-- Opening Marker --

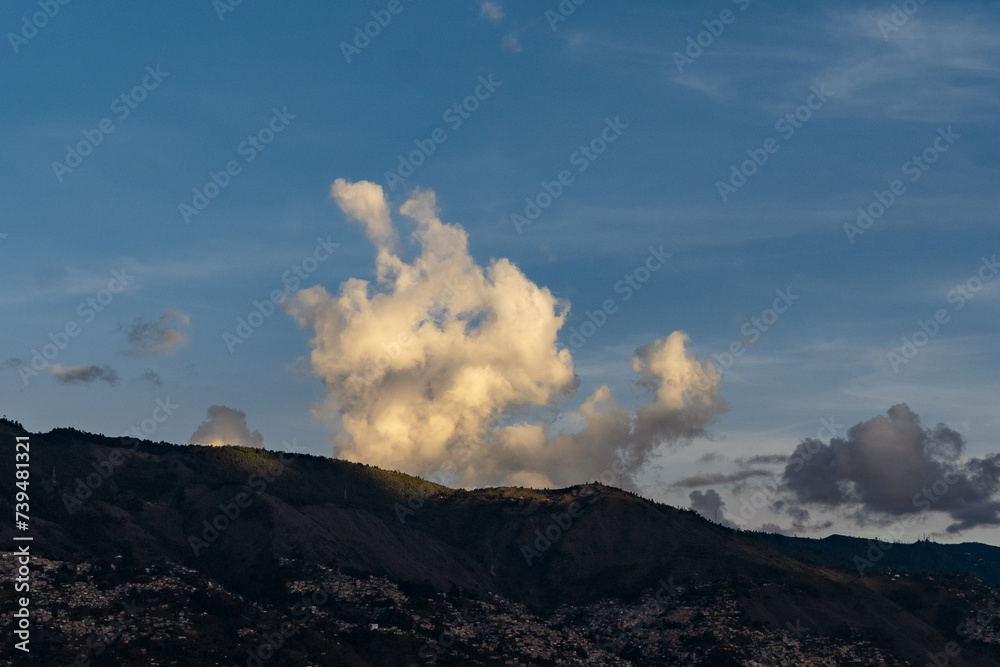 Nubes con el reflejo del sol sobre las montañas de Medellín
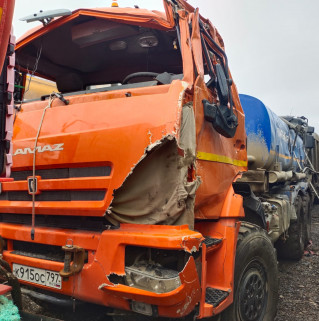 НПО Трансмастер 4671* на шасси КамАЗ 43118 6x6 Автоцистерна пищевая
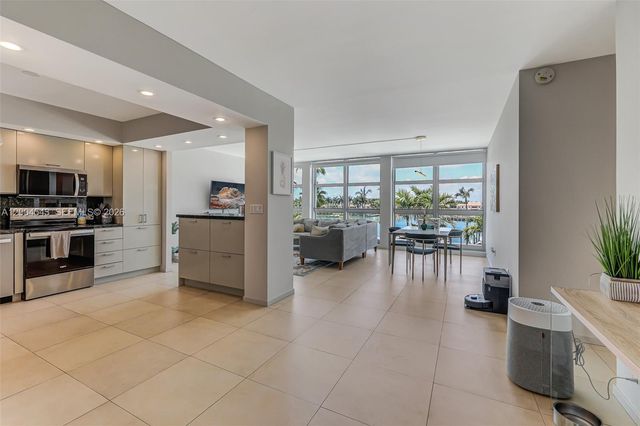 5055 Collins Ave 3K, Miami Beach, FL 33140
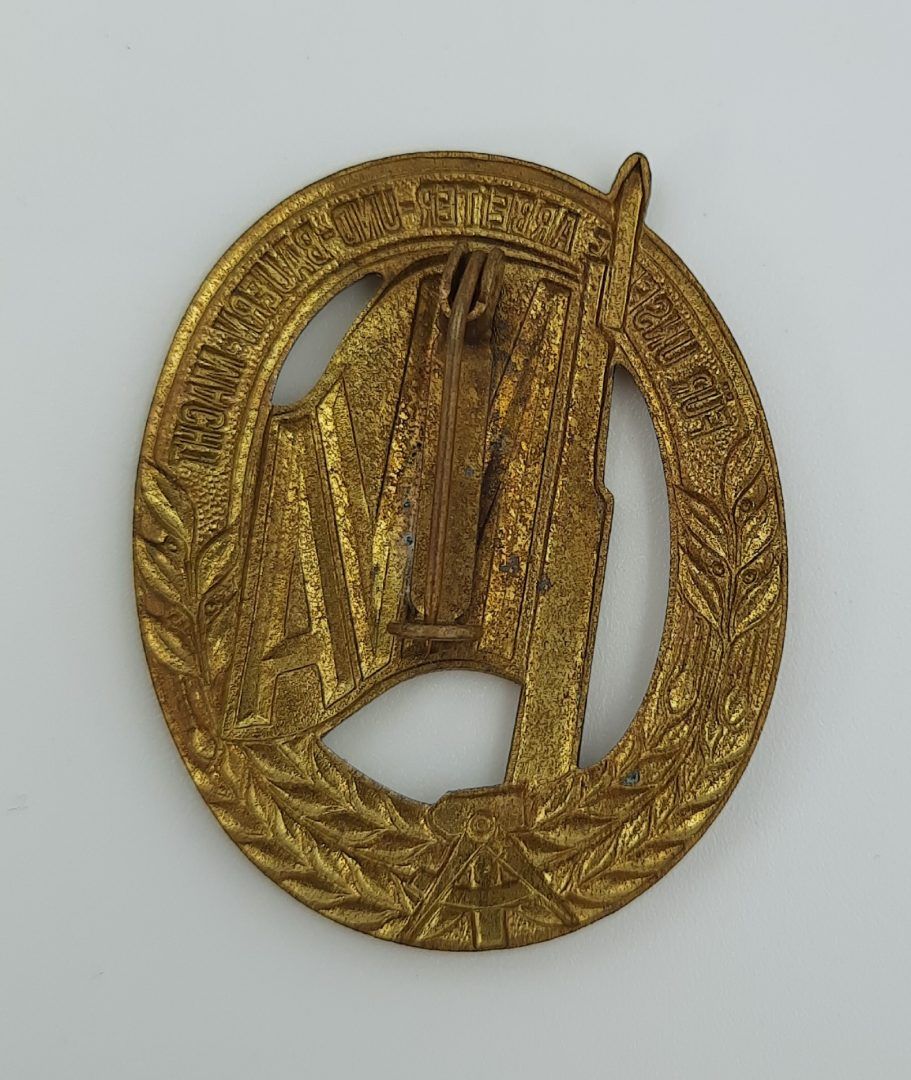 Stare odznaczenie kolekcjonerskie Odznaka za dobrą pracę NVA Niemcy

-- Closing Marker --

▸ WHAT IS NEEDED
Give the listing above again word for word, without its pictures.

▸ SOLVED PROBLEM
 Nubes con el reflejo del sol sobre las montañas de Medellín
 НПО Трансмастер 4671* на шасси КамАЗ 43118 6x6 Автоцистерна пищевая
 5055 Collins Ave 3K, Miami Beach, FL 33140
 Stare odznaczenie kolekcjonerskie Odznaka za dobrą pracę NVA Niemcy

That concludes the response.